Mosaic AI Gateway

Preview

This feature is in Public Preview.

This article describes Mosaic AI Gateway, the Databricks solution for governing and monitoring access to supported generative AI models and their associated model serving endpoints.

What is Mosaic AI Gateway?

Mosaic AI Gateway is designed to streamline the usage and management of generative AI models within an organization. It is a centralized service that brings governance, monitoring, and production readiness to model serving endpoints. It also allows you to run, secure, and govern AI traffic to democratize and accelerate AI adoption for your organization.

All data is logged into Delta tables in Unity Catalog.

To start visualizing insights from your AI Gateway data, download the example AI Gateway dashboard from GitHub.
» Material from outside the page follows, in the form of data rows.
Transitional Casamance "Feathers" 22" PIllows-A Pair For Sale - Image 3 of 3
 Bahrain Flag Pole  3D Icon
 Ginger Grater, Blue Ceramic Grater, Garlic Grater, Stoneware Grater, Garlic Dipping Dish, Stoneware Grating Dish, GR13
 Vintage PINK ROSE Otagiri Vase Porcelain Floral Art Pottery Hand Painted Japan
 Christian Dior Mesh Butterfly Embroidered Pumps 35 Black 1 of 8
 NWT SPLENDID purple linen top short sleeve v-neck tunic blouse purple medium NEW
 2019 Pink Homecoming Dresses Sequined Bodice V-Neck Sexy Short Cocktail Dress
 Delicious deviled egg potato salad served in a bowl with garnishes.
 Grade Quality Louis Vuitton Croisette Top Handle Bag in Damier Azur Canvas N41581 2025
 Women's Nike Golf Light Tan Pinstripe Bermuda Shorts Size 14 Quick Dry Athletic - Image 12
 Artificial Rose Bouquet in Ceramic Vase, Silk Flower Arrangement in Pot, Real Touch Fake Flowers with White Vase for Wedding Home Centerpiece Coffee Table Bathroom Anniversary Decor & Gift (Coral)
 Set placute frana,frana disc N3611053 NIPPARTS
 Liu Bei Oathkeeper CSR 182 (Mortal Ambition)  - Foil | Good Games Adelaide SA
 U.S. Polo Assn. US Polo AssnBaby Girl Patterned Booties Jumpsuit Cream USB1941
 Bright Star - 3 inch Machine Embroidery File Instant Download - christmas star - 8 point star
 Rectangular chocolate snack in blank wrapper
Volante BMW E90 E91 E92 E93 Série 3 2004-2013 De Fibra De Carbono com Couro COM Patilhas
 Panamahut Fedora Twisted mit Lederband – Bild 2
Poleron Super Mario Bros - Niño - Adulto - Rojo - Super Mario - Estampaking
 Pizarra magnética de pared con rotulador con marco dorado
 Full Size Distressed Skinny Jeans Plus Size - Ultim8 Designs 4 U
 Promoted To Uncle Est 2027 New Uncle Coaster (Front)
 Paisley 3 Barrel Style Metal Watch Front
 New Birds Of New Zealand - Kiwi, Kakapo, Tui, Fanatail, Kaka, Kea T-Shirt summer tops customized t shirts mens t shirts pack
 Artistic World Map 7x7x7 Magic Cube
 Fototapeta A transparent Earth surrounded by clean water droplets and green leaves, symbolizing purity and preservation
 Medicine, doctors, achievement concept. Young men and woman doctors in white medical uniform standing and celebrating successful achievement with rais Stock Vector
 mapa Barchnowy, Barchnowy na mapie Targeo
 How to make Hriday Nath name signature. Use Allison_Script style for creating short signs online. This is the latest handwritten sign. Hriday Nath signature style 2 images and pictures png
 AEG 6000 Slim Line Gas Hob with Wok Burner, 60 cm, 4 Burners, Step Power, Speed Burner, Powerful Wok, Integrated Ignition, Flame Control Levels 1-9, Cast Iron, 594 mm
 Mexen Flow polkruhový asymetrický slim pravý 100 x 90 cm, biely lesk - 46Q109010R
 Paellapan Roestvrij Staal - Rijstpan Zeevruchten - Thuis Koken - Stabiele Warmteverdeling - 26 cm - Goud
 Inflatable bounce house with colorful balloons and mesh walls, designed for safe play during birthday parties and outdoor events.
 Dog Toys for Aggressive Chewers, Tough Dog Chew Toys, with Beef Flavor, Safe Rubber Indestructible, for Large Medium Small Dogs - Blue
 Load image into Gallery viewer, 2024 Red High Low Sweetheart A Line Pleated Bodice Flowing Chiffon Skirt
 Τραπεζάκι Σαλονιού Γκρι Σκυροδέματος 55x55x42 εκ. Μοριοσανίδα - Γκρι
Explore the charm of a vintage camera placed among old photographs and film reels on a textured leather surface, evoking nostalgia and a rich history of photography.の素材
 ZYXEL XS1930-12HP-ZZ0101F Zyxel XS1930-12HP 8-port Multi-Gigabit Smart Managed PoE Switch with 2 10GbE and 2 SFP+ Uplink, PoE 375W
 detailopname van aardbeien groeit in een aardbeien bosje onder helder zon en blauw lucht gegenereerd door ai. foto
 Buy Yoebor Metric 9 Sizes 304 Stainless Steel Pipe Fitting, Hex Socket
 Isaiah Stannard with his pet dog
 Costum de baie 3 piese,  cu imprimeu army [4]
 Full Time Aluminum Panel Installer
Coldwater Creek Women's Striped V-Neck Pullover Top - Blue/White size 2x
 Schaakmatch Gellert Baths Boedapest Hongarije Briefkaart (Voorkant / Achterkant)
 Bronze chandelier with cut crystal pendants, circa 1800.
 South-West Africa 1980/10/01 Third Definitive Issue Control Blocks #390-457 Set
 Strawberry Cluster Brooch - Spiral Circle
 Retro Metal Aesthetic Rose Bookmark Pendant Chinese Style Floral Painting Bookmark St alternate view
This dashboard leverages the data from the usage tracking and payload logging inference tables.

After you download the JSON file, import the dashboard into your workspace. For instructions on importing dashboards, see Import a dashboard file.

AI Gateway supports the following features:

  • Permission and rate limiting to control who has access and how much access.

  • Payload logging to monitor and audit data being sent to model APIs using inference tables.

  • Usage tracking to monitor operational usage on endpoints and associated costs using system tables.

  • Traffic routing to minimize production outages during and after deployment.

Mosaic AI Gateway incurs charges on an enabled feature basis. During preview these paid features include payload logging and usage tracking. Features such as query permissions, rate limiting, and traffic routing are free of charge. Any new features are subject to charge.

Use AI Gateway

You can configure AI Gateway features on your model serving endpoints using the Serving UI. See Configure AI Gateway on model serving endpoints.

Limitations

AI Gateway is only supported for model serving endpoints that serve external models.